The swim I had been told to head for was taken but the carp anglers were helpful when they knew I was after tench and I headed for another swim at the same end of the lake. Tench started showing almost immediately and I had soon located a nice hard patch not too far out. Apparently a maggot feeder approach had been sorting the tench out, so I started out with one rod on that, with three red maggots on the hook, and a method feeder with my trusty grains of plastic corn on the other rod. Half a dozen small spodsfull of hemp went out and I sat back. The tench continued to show but the bobbins remained inactive.

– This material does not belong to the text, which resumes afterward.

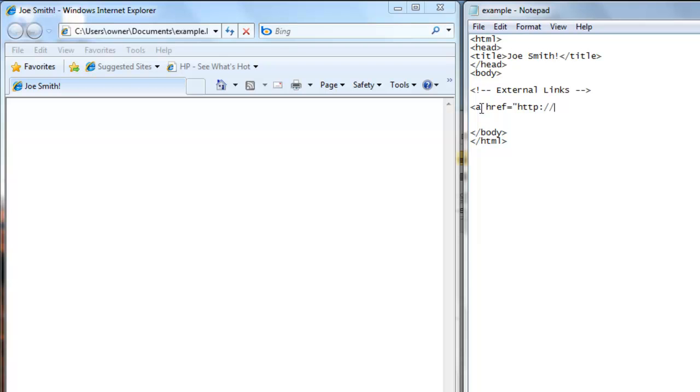slash slash www dot and then whatever the website is. We're going to go to ESPN.com, so ESPN.com and double quote and then you end the tag with the greater than sign.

As darkness fell an eel of about a pound took the maggots, so that rod was switched to another method feeder, but with a single plastic pellet on the hair. At half past eleven the corn rod tried to spring into life, but as it was a bream that had picked up the 'corn' it wasn't exactly hyper. The dead weight on the end of the line told it's story, a couple of tail slaps as it neared the net and I had my first double in the net. In the past I had scoffed at people fishing for bream, but now I could see the attraction. When they get to that sort of size they look like another species.
The next time an alarm sounded it was a proper screamer, and at two in the morning it was a bit of a shock. Unfortunately the hook point made contact with the pellet and I failed to hook the fish.

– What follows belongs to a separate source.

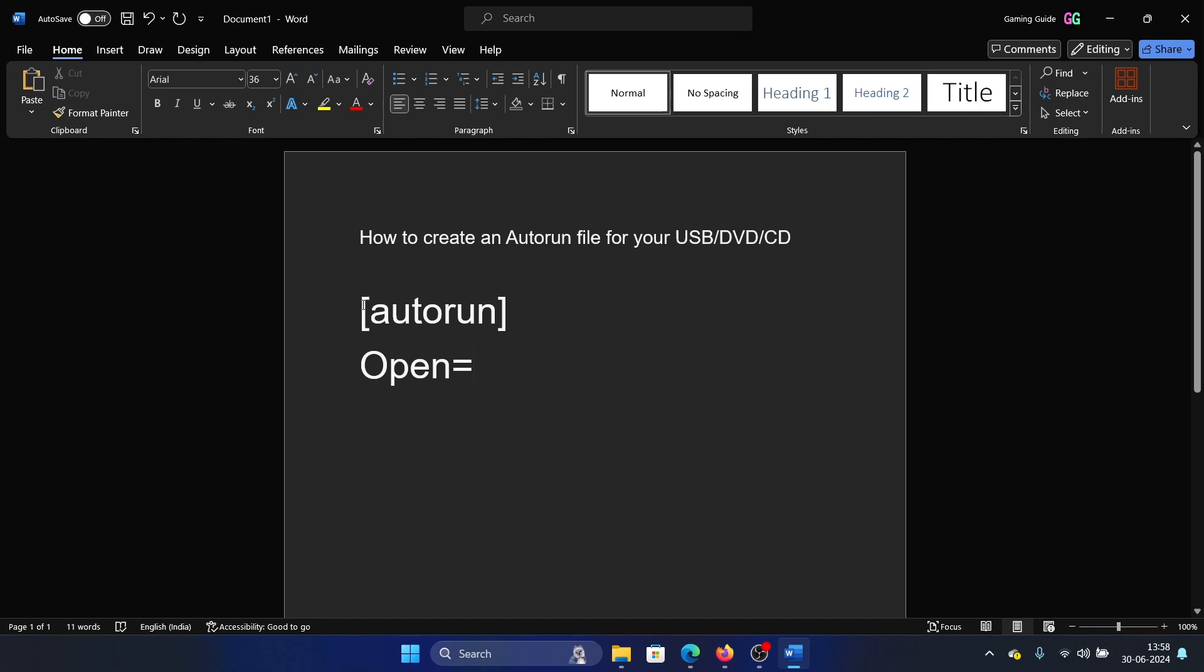square bracket [autorun] square bracket close. In the second line, we have to type Open equals and the name of the application. For example, if it's Excel, it becomes excel.exe.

At dawn the tench were rolling and tail slapping again, so the maggot feeder went back out, this time with two plastic casters on the hair. I do like these plastic baits. However it was the corn that was off again, and a hard scrapping seven pounder, the deepest bodied tench I have ever seen, was netted and returned. I didn't bother with a photo as the way the tench were rolling in the area I was sure more would be following soon. Well, if more than twelve hours later is soon, one did!
Having a chat and a cup of tea with my host when he called to see me after work the casters headed for the hills. This tench fought harder than the first one, and I was concerned about the hold the size 16 hook had. Rightly so as it fell out in the net. In the sling and weighed it was a new personal best by two ounces.

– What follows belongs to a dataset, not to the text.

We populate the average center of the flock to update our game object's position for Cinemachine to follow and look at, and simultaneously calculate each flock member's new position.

As you can see above, I let some old bloke hold it for the photograph...
Despite more tench activity on the surface the infuriating fish would not pick up my baits. So, in preparation for some more bream activity I again rigged up two method feeders and lay back for some sleep. I was awoken around two by a very dodgy take to the corn rod, and it was like Groundhog Day as the perfect twin, to the ounce, of the first night's bream was netted. This time I made a slightly better job of the photos, though.
The final morning dawned damp, and again tench were everywhere. Only one small one deigned to pick up one of my artificial offerings, and picking a lull in the rain I packed up and headed for the water I have been fishing since April.
Talking to the anglers already there things had gone from bad to worse and very little action was being had - although one bloke I was talking to as he set up stall had fish rolling all over the place in front of him. I chose to head for a swim that, although usually popular, hadn't been fished for some weeks. As soon as I had my baits out a good tench rolled over them. More visual signs of tench followed before dark and at dawn, more so than usual on this venue, but take my baits they would not. A move was called for and a chat with other anglers to see what had been occurring. Not a lot. The guy who had a swim full of tench had not had a sniff! What to do? Pick a swim with no tench activity?
I set up away from the rolling fish, but not too far away,and put out some bait again. Felt confident. Saw tench over the bait. And blanked. The following morning dawned foggy, and when it lifted and the chill went from the air I called it quits. Just goes to show that you have to be on feeding fish to catch them.